Work Experience is the fourth book in the Schooled In Magic series by Christopher G. Nuttall, and it covers Emily’s second summer in the Nameless World.
Emily has now settled into her new home enough to gain a few friends and a title. Lady Barb, who initially disapproved of her, is now her advisor and a fast friend. The combat sorcerer is spending her summer traveling through the Cairngorm Mountains, providing medical care to the poor inhabitants of those hills. She invites Emily to come along.
What promised to be a relaxing summer as Lady Barb’s assistant takes a dark turn when more than one village reports missing children. Something seems to be nabbing kids from a large area. Whatever it is, it bodes ill.

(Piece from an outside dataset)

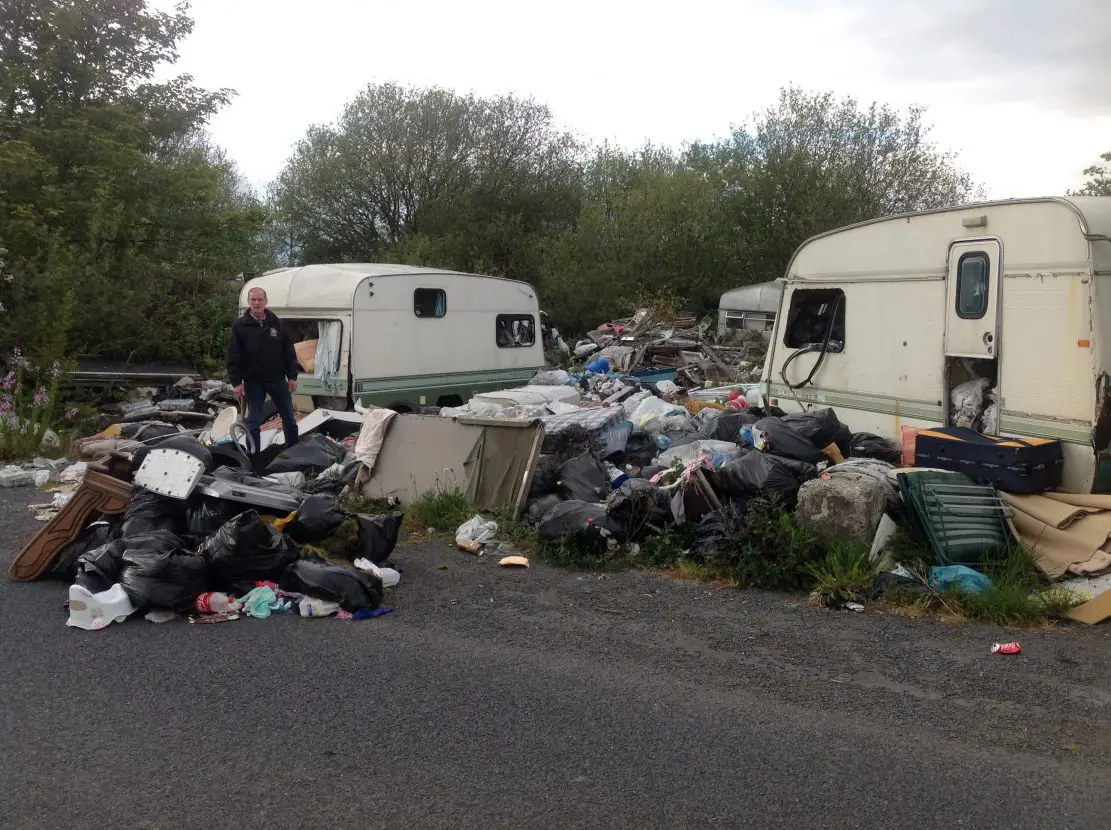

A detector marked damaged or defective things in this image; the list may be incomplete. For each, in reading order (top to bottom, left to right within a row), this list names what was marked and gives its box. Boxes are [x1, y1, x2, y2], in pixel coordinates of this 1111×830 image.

broken caravan panel [239, 264, 546, 413]
broken caravan panel [759, 194, 1111, 493]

A prince is missing, too, only he turns out to have left under his own power. Emily discovers and chases him, only to come face to face with a death viper, the bright blue snake that is so deadly that even touching it can cause someone to lose their arm. As the deadly beast falls on Emily, she can only think of one way to save herself.
She casts the spell to bond with a familiar.
And it works! Since familiars cannot harm their owners, Emily is immune from the effects of the deadly snake. As the snake is deadly to everyone else, however, she turns it into a golden bracelet when she does not have time to interact with it. But having a super deadly snake concealed as a bracelet is a super-cool secret weapon!
Emily and Lady Barb continue their trek all the while searching for more information about the fate of the stolen children. In one rather cool scene, they camp out at night, and Emily witnesses some of the strange, unusual magical creatures that live in the mountains. I really liked that scene. It was both creepy and interesting the way a nature documentary is interesting.
But then Lady Barb goes missing…
And it is up to Emily to save the day—or die trying!
One of my favorite parts of this novel is the magic system. Watching Emily follow up on her ideas about pocket dimensions from the previous book, getting better at them, figuring things out about them, and then using it effectively toward the end is really enjoyable. I love the fact that you can understand what she is doing well enough to follow ways in which the magic might be used cleverly.
After the appalling lack of Void in the third book in this series, I have decided to end each review with a brief update, for those dying to know, on the state of Voidness in each book. For those less familiar with the series, Void is the mysterious Lone Power who is Emily’s official guardian and whom many believe to be Emily’s father. (Since Emily does not want the world to know that she came from our earth, she does not correct them.)
I am happy to say that Void does appear in this book. In fact, he appears right near the beginning. This is a great relief for those suffering from Void withdrawal after the last book.
It is a very short appearance, and, frankly, I could have done with more. But we readers must learn to let a little Void carry us a long way.
Finally, as Mr. Nuttall is quite ill, prayers for his quick recovery are very much welcomed.